The task
Filter the entries below, keeping every line that has the word "common".

Task inputs
++++++++++++++++++++

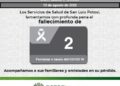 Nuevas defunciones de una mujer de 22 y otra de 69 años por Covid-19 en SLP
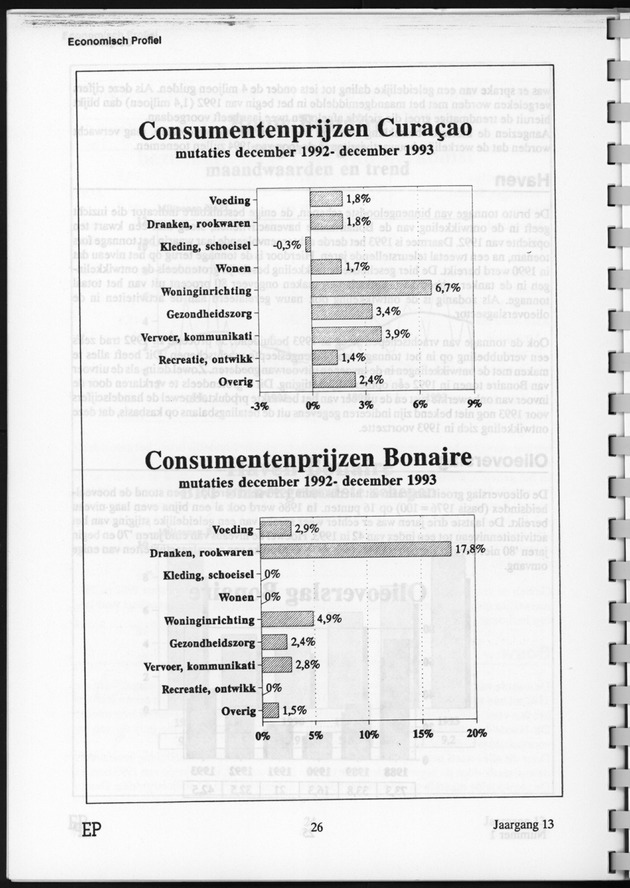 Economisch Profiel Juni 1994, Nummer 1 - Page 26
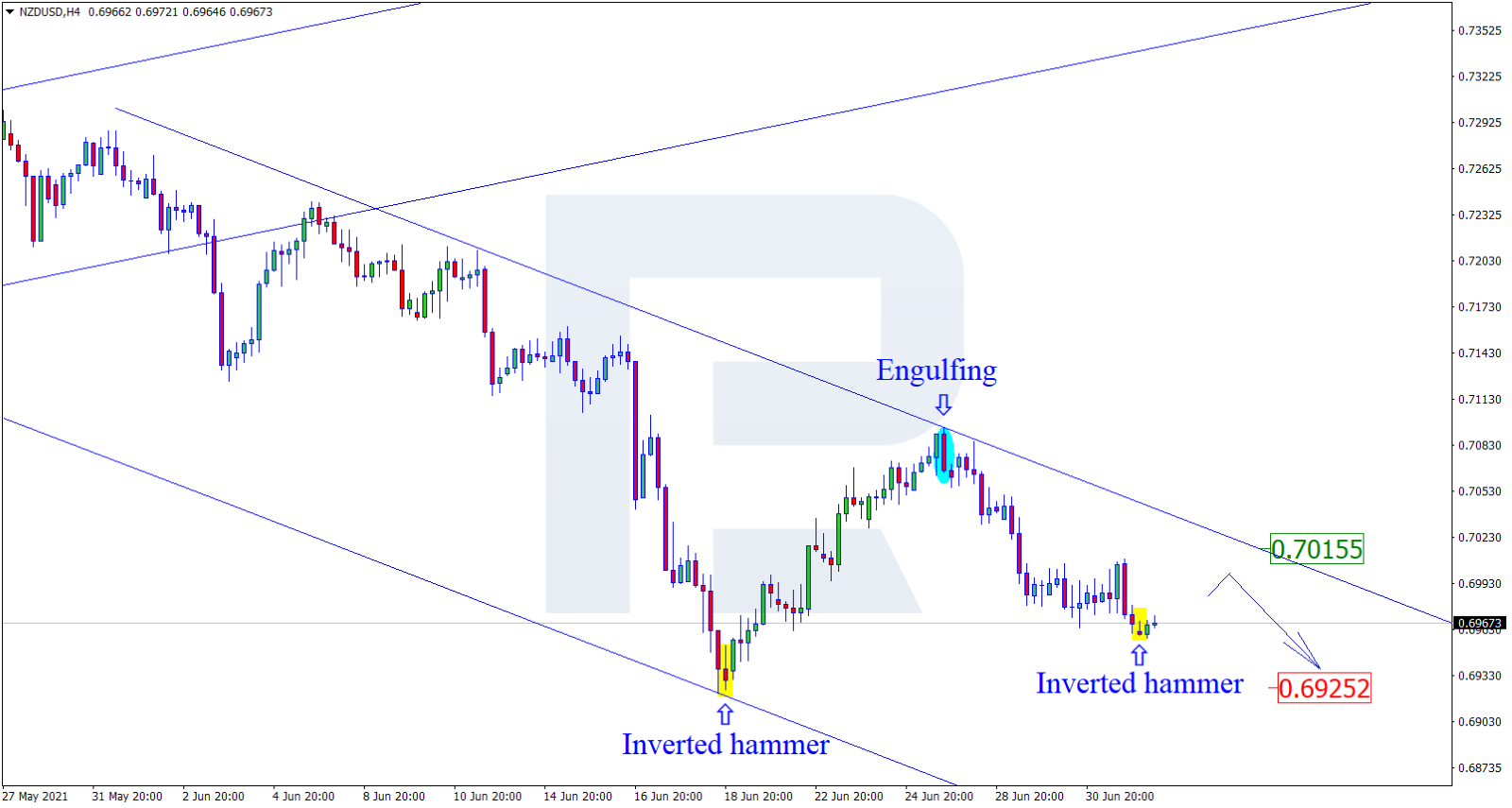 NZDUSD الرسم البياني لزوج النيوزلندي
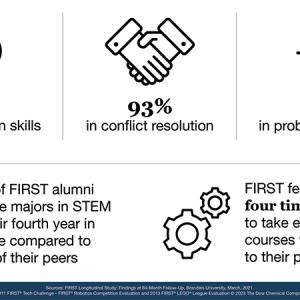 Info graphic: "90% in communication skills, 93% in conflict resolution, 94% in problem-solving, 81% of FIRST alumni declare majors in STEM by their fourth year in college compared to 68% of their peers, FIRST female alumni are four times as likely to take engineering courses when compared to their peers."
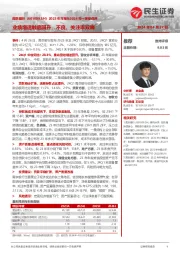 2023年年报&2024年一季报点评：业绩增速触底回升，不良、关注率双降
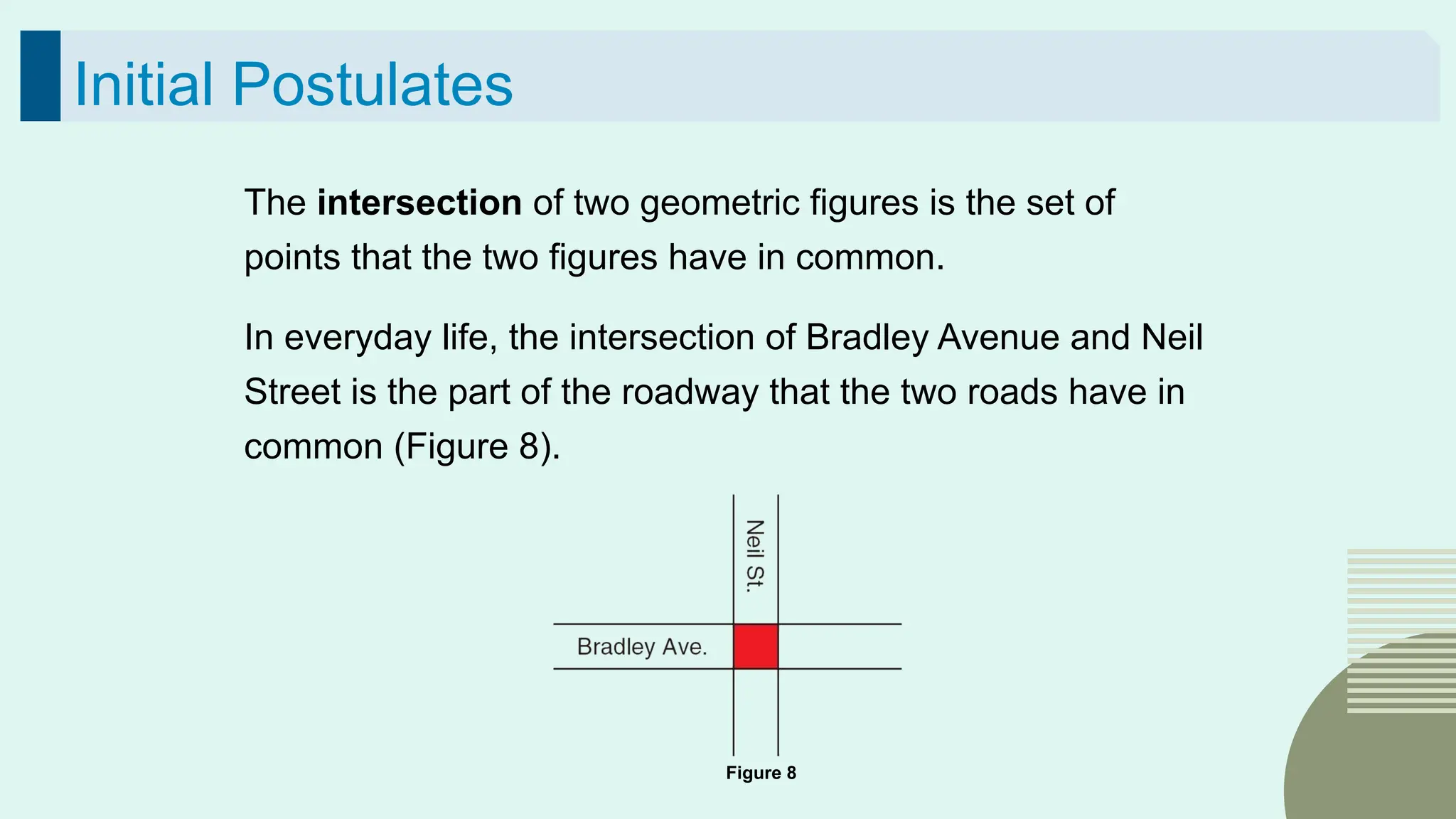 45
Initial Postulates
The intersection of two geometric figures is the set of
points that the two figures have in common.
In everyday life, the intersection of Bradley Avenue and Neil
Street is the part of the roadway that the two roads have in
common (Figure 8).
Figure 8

++++++++++++++++++++

Answer for the task
points that the two figures have in common.
common (Figure 8).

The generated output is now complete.